Create the policy with default (disabled) configuration.

View Source

def __init__(self):
    """Create the policy with default (disabled) configuration.

    """
    self.__blacklist = Blacklist()
    self.__signed_url = SignedURL()
    self.__blacklist_enabled = False
    self.__signed_url_cfg = {'ttl': None, 'protect': []}

Public functions

configure

Configure the policy from a configuration dict.

Expected keys: - "blacklist": optional (filepath or json dict, depending on Blacklist.load) - "signed_url": optional (filepath or json dict, depending on SignedURL.load)
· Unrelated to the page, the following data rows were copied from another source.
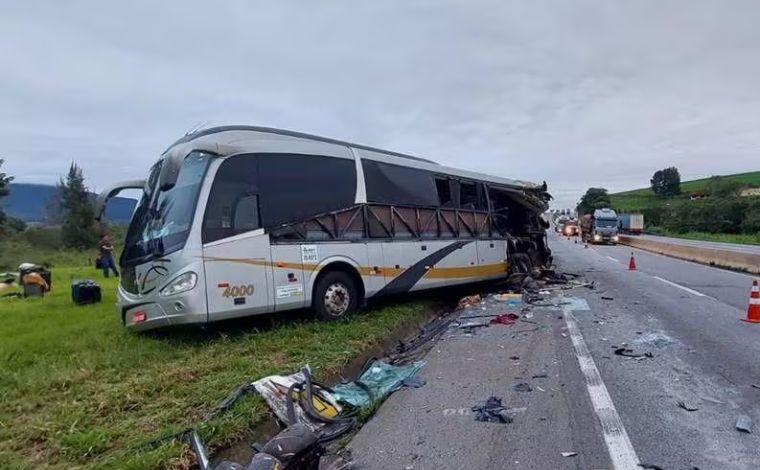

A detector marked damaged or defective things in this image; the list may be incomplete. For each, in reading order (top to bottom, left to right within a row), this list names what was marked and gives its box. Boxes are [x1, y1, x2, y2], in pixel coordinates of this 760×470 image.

damaged bus [96, 125, 552, 330]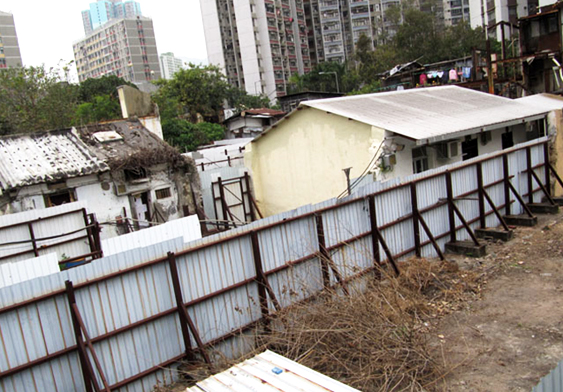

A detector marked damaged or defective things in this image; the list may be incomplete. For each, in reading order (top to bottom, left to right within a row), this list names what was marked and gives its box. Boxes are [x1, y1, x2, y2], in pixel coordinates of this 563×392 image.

rusty fence support [318, 214, 348, 294]
rusty fence support [366, 196, 400, 276]
rusty fence support [66, 280, 110, 390]
rusty fence support [167, 253, 214, 366]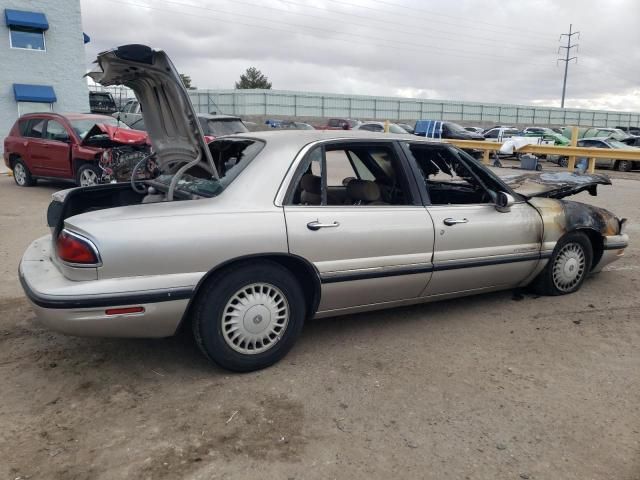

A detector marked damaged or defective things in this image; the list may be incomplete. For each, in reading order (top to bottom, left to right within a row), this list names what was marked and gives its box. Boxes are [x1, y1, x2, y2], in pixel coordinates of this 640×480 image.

red damaged car [3, 113, 149, 188]
damaged trunk lid [500, 172, 608, 200]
If a key is missing, the corresponding policy is disabled.

Parameters

config: (dict) The configuration data.

View Source

def configure(self, config: dict) -> None:
    """Configure the policy from a configuration dict.

        Expected keys:
        - "blacklist": optional (filepath or json dict, depending on Blacklist.load)
        - "signed_url": optional (filepath or json dict, depending on SignedURL.load)

        If a key is missing, the corresponding policy is disabled.

        :param config: (dict) The configuration data.

        """
    if type(config) is not dict:
        raise TypeError('HTTPDPolicy.configure: config must be a dict.')
    self.__blacklist_enabled = False
    if 'blacklist' in config and config['blacklist'] is not None:
        self.__blacklist.configure(config, 'blacklist')
        self.__blacklist_enabled = True
    self.__signed_url_cfg = {'ttl': None, 'protect': []}
    if 'signed_url' in config and config['signed_url'] is not None:
        self.__signed_url_cfg = self.__signed_url.configure(config, 'signed_url')

check

Check the request against policies and return decision and response.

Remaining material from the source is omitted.